Сэму сорок пять лет, и уже наметилась круглая плешь на макушке, но он простодушен, естественно, деликатен и умеет считать деньги – качества, казалось бы, взаимоисключающие. В нашем городе у него проблемы не только с салатом, но Сэм о них молчит. Сейчас он занят переоборудованием купленных квартир под ресторан. С ним работает его приятель-архитектор с авантюрной жилкой, недавно приехавший из Америки. К моему удивлению, Сэм почти не жалуется на шаромыжников из строительной компании, делающей ремонт. «Наши такие же, – заметил он как-то вскользь. – Разрушив стены, они просто бросают клиента, зная, что тот никуда не денется. Правда, у нас можно подать в суд, а у вас – себе дороже!» Один раз, всего лишь один раз, он упомянул чиновников, чьи подписи необходимы для открытия бизнеса, назвав их «crooks» – «жуликами». По словам Сэма, любимое американское приветствие: «Увидимся в суде». Так он шутит.
Я – деловая женщина, сделавшая себя сама. Деловая женщина, а не «бизнесвумен» – слово, рождающее у меня бурное неприятие. Так и вижу мысленным взором крупную пегую корову по имени Бизнесвумен, с выражением тупой непоколебимости на морде шагающую размеренно и неторопливо, и здоровенное вымя маятником мотается из стороны в сторону. Для меня любое слово имеет скрытый смысл, часто ничего общего не имеющий с общепринятым значением. Слово «стол», например, рождает даже звук – легкий шелест, а слово «комната» – картинку: кубик, медленно плывущий в пространстве. «Дерево» – каменный столб. «Человек» – клубок черных ниток. И так далее, до бесконечности. Так играет мой интеллект и «взбрыкивает» воображение. Иногда это забавно, иногда мешает жить.
У меня диплом Международной академии менеджмента и права, скороспелого «joint venture» – совместного предприятия начала девяностых, экзотического союза родного отечества и Мальты. Голубоватый лист толстого ватмана размером сорок на тридцать сантиметров в строгой рамке красного дерева украшает стену моего кабинета. Нечеловечески красивым каллиграфическим почерком с завитушками, черной тушью на трех языках – латыни, английском и родном – диплом удостоверяет, что я, Ксения В. Холодова, являюсь магистром в области социальных наук, международного права и информатики. Вверху красочный герб – мальтийский лев с добродушной мордой, внизу – зубчатая золотая печать размером с полтинник на витом красно-белом шнуре. Декоративно до неприличия, но вполне гламурно. В духе уважения или даже преклонения перед традициями, что особенно заметно в дате основания, присутствующей на вывеске любой зеленной лавки, винного магазинчика или ресторана на Мальте, да и во многих других странах. Дата – это стабильность, основательность и серьезность намерений. Знак качества и признание.

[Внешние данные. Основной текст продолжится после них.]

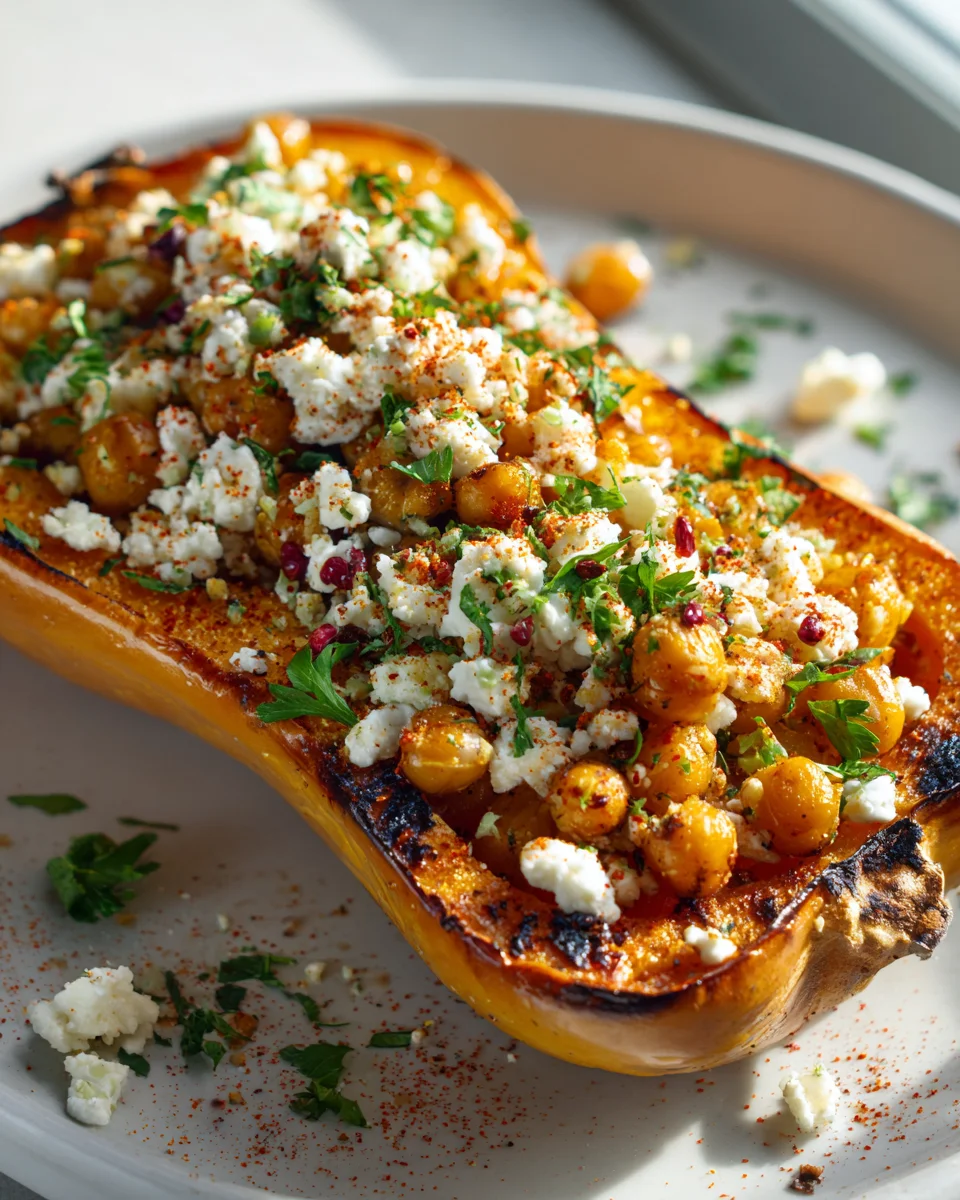 Ofenkürbis mit Feta & Kichererbsen – Herzhaft & Proteinreich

Юридическая фирма, где я два лета подряд проходила практику, называлась «Бьяготти, Скимпа и сын» и была основана в 1882 году первым господином Бьяготти. Последний господин Бьяготти, продавший дело своему помощнику господину Скимпе, пребывал на заслуженном отдыхе. Жил в свое удовольствие, ни в чем себе не отказывая. Заходил иногда проведать коллег. Это был подвижный, несмотря на свои за восемьдесят, человек, небольшой, изящный, в сшитых на заказ костюмах и башмаках. Этим он отличался от нового владельца Умберто Скимпы, который одевался в первом попавшемся магазине готового платья и в какой-то степени так и остался подростком из бедной многодетной семьи, получившим работу курьера в фирме сорок лет тому назад.

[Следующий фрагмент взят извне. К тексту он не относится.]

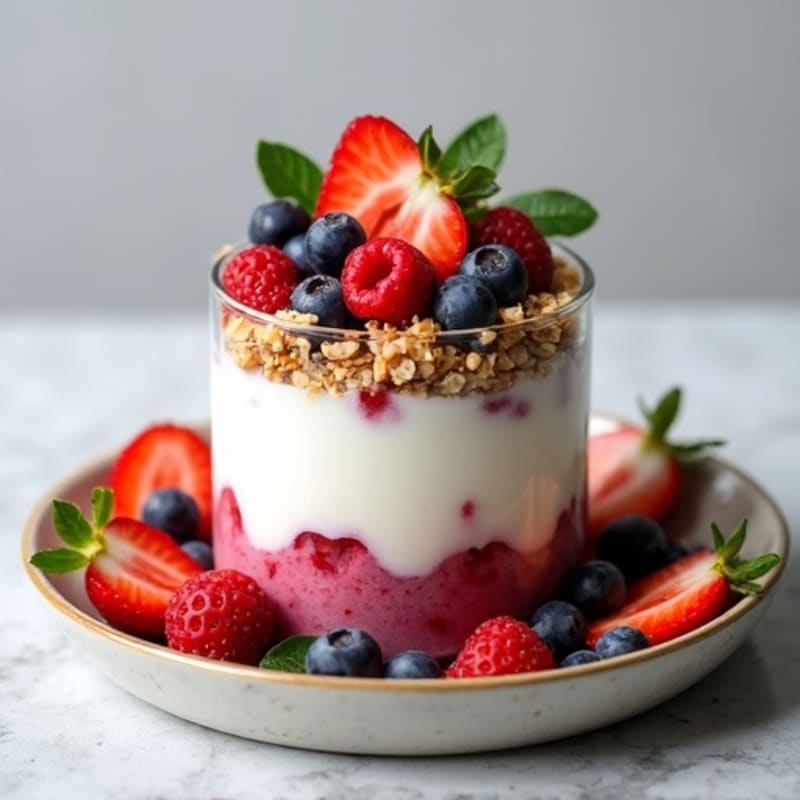 Protein Yogurt Parfait with Fresh Berries and Chia Seeds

Как-то во время обеда в ресторане господин Бьяготти словно случайно положил свою смуглую, все еще красивую руку на мою. Тщательно отделанные ногти его были покрыты лаком. В темно-карих глазах прыгали черти, и смотрел он прямо мне в глаза, чуть насмешливо и восхищенно. Господин Бьяготти остался для меня образцом того, что называется настоящим мужчиной, даже в свои годы, – умным, сильным, снисходительным. Он был из изрядно поредевшей породы купцов, воинов и рыцарей в одной особе, солью земли, тех, кто всегда платит по счету и не скупится. Когда он смотрел на меня, я вспоминала, что я не только деловая женщина. У него были молодые подружки, по одной на каждый день недели, кроме воскресенья, которое считалось днем Бога, – какие-нибудь продавщицы из парфюмерного или ювелирного отделов шикарного магазина со сверкающими витринами. В пятницу господин Бьяготти посещал игорные заведения Монако, проводя ночь за карточным столом.

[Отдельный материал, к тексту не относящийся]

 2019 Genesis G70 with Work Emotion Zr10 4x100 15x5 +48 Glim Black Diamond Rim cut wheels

Тогда, в ресторане, я убрала руку – тихонько вытащила ее из-под его горячих пальцев, покраснев при этом, как последняя девственница. Он усмехнулся понимающе и сказал, что теперь он вряд ли представляет опасность для молодых дам. Разве что за руку подержится. Но тем не менее спасибо…
Я потом долго думала, пытаясь понять, почему убрала руку – то ли не хотела, чтобы меня приняли за одну из его подружек, то ли смутилась, решив, что за этим последует попытка сократить дистанцию, то ли мне просто показался неприличным жест господина Бьяготти. Если честно, жест этот не был мне неприятен. Что же тогда? Не знаю. Наверное, инстинкт вечной девственницы, трусливо убегающей от мужчин…
Господин Бьяготти научил меня самой жесткой дисциплине при кажущейся расслабленности. Безупречный костюм, безупречная косметика, приветливая улыбка и всегда дистанция – будь то начальник или клиент. Дистанция или знание своего места – искусство, требующее постоянной работы мысли и чувства собственного достоинства. Одним словом, уважайте себя, и окружающие последуют вашему примеру.
Чтобы окончить академию, я продала квартиру в центре города. Нашу с бабушкой квартиру. Упаковывая в ящики небогатый скарб, я с трудом удерживала слезы. Семь бесконечных лет я провела в ссылке у черта на куличках, в частном секторе Посадовка, известном больше под красноречивым названием «Паскудовка». Все это уже в прошлом. Сейчас у меня трехкомнатная квартира в элитном районе города с видом на парк. В десять утра по воскресеньям в парке включают фонтаны, и я с чувством радости слышу, как начинают взмывать в небо и шумно падать вниз тугие струи воды. Я – деловая женщина, сделавшая себя сама. Впрочем, это я, кажется, уже говорила…
Глава 2
Пикник у озера
Костер горел ярко и ровно. Огненные жгуты свивались в оранжевые ленты, заворачивались в тугие завитки, плясали, как стайка саламандр, и вдруг оглушительно стреляли снопами искр в черное, полное звезд августовское небо. В августе Земля проходит черед звездные кладбища, притягивая погасшие звезды. Они влетают в атмосферу планеты, оставляя за собой короткий огненный росчерк – такой короткий, что никак не успеть загадать желание.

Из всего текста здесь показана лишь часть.